Informed by her 14-plus years of research into harassment, Sandy Hershcovis, associate professor of organizational behaviour at the Haskayne School of Business, provided the committee exploring Bill C-65 with recommendations in four key areas: definitions used in proposed changes, language currently used in the act, reporting and confidentiality and the idea of mandated training.
This new legislation will “send a message to organizations and employees, that harassment prevention is a Canadian priority,” said Hershcovis. Tabled in November 2017, Bill C-65 will amend the Canadian Labour Code, the Parliamentary Employment and Staff Relations Act and the Budget Implementation Act to address harassment for federally regulated employees working in areas such as banking, aviation, broadcasting, Crown corporations and many who work on Parliament Hill. This is a small percentage of our workers nationwide, with the majority of workers in private companies that are covered by provincial laws, but it is an important step.
Hershcovis was asked to Ottawa to provide expert testimony on the new bill, which was sent to committee in January 2018 with the goal to have a refined bill back to parliament in the coming months.
Definitions are important
“Any definition of workplace harassment must be broad enough to incorporate all forms of psychological and physical harassment, and must acknowledge its capacity to span organizational boundaries,” emphasized Hershcovis. The definitions in the current Canada Labour Code cover sexual coercion and unwanted sexual attention. Gender harassment is not accounted for either in the current code or the suggested revisions at present and Hershcovis advocated for its inclusion. “Gender harassment is not sexual. It is a 'put-down' that focuses on gender,” said Hershcovis. “Research shows that 89 per cent of harassed women report gender harassment with no unwanted sexual attention or sexual coercion, and that gender harassment has similar negative consequences for victims.”
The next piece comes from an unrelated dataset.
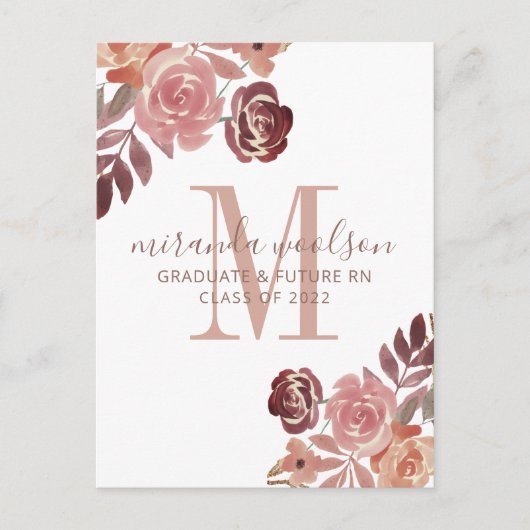 Afstuderen Nurse Monogram Pink Burgundy Floral Aankondigingskaart (Voorkant)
Language forms framework and communicates values
The current Canada Labour Code has folded harassment under the category of "health and safety." Hershcovis argues that this is not enough. “From a lay person’s perspective, reading through the code it appears to focus mostly on physical safety, which of course is very important. But I think workplace respect is equally important,” she told the committee. “I suggest that the committee replace the term 'health and safety' with something like 'health, safety, and respectful treatment' wherever it makes sense to do so.” In any piece of legislation the language used is important as it forms both the framework for the bill and it also has the power to communicate the country’s stand towards an issue.
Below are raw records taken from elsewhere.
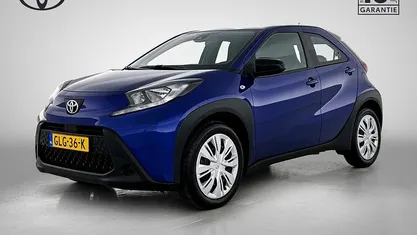 Blauw Gebruikt 2024 Toyota Aygo X Play SUV | € 20.950 (Eerlijke prijs)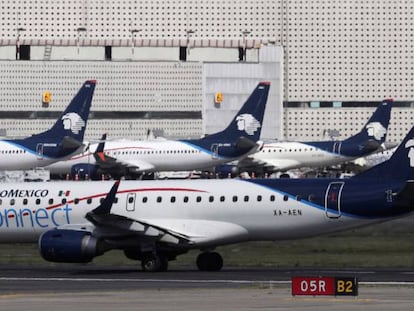 Aviones de Aeromexico en el aeropuerto de Ciudad de México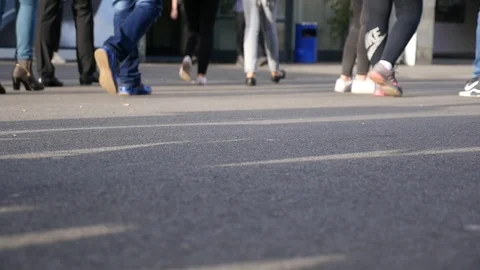 Crowd walking and entering the building Stock Footage 88960654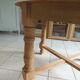 Round table with 1 extension oak base tray and patinated extension pearl gray.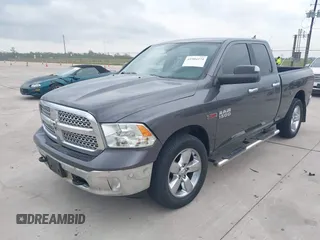 2018 Ram 1500 SLT z VIN 1C6RR7GM5JS308499, wystawiony jako IAAI lot #41904274 z przebiegiem 71 510 mil mil oraz . Historia ofert i sprzedaży dostępna na DreamBid. Obrazek 2.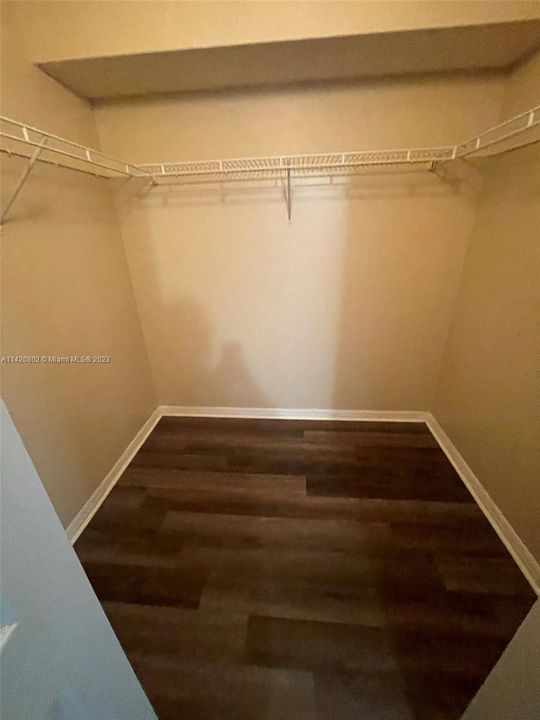 Recently Rented: $1,650 (1 beds, 1 baths, 757 Square Feet)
Creating safe space for reporting
“Because of the power differential, reporting harassment is a big problem,” says Hershcovis. Her recommendation for the revised bill is to have it clearly state, “Where the supervisor is the source of the complaint, employees may take their complaint directly to the Labour Board.”
Calling for culture change
The last recommendation that Hershcovis had for the committee was to reach beyond what was currently on paper. She asked the committee to address the issue of repeat offences — as a way to truly inspire change in workplace culture. “Since workplace harassment is often driven by cultural norms, organizations that are found to be in violation of the Labour Code on more than one occasion would benefit from civility training. I think the Labour Code should specify mandated training in these circumstances,” said Hershcovis. Bill C-65 had its second reading in the Senate on May 10, 2018.
As a researcher who has been specifically focused on the issue of harassment since 2004, it has been a tremendous opportunity for Hershcovis to bring her knowledge to Parliament Hill both for the committee exploring Bill C-65 and also as an expert to a Senate subcommittee that will be reviewing the Senate Policy on Prevention and Resolution of Harassment in the Workplace, where she will be participating in discussions with Senators on June 12.